Start of Data
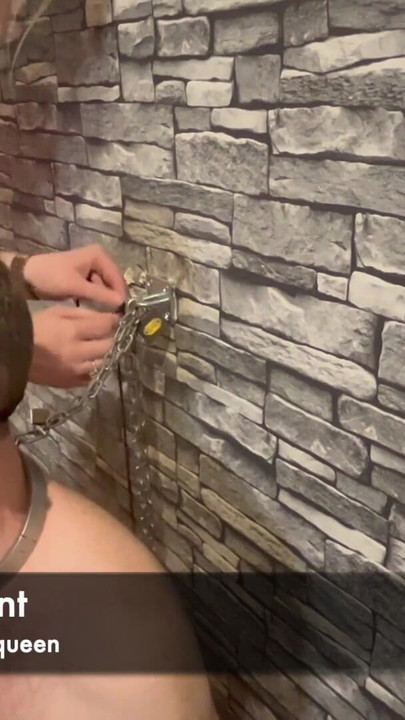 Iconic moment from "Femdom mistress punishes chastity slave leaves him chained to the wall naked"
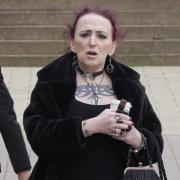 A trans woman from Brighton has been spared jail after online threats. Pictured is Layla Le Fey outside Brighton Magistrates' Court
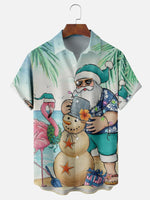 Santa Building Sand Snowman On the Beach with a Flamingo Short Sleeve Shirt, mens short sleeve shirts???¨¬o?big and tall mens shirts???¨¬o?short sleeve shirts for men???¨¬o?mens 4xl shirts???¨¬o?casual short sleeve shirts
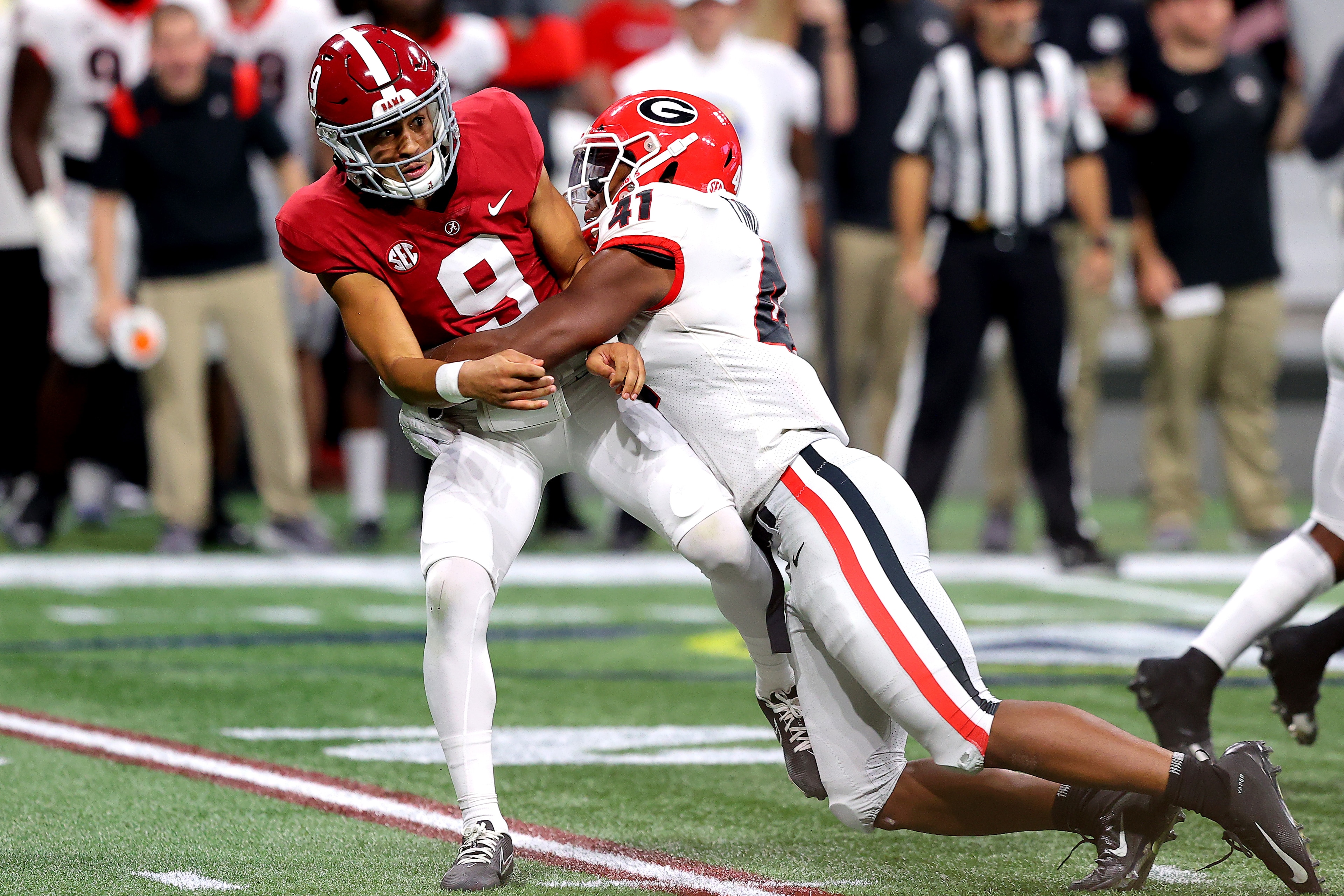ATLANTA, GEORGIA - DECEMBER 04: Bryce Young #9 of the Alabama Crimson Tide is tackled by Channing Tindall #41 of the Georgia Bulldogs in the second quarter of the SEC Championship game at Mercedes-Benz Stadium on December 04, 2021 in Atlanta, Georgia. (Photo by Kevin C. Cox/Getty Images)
End of Data
Exercise instructions:
Starting at the first line of the material, output exactly the lines up to and including the one with "Santa Building Sand". Do not include the pictures.

Your solution:
 Iconic moment from "Femdom mistress punishes chastity slave leaves him chained to the wall naked"
 A trans woman from Brighton has been spared jail after online threats. Pictured is Layla Le Fey outside Brighton Magistrates' Court
 Santa Building Sand Snowman On the Beach with a Flamingo Short Sleeve Shirt, mens short sleeve shirts???¨¬o?big and tall mens shirts???¨¬o?short sleeve shirts for men???¨¬o?mens 4xl shirts???¨¬o?casual short sleeve shirts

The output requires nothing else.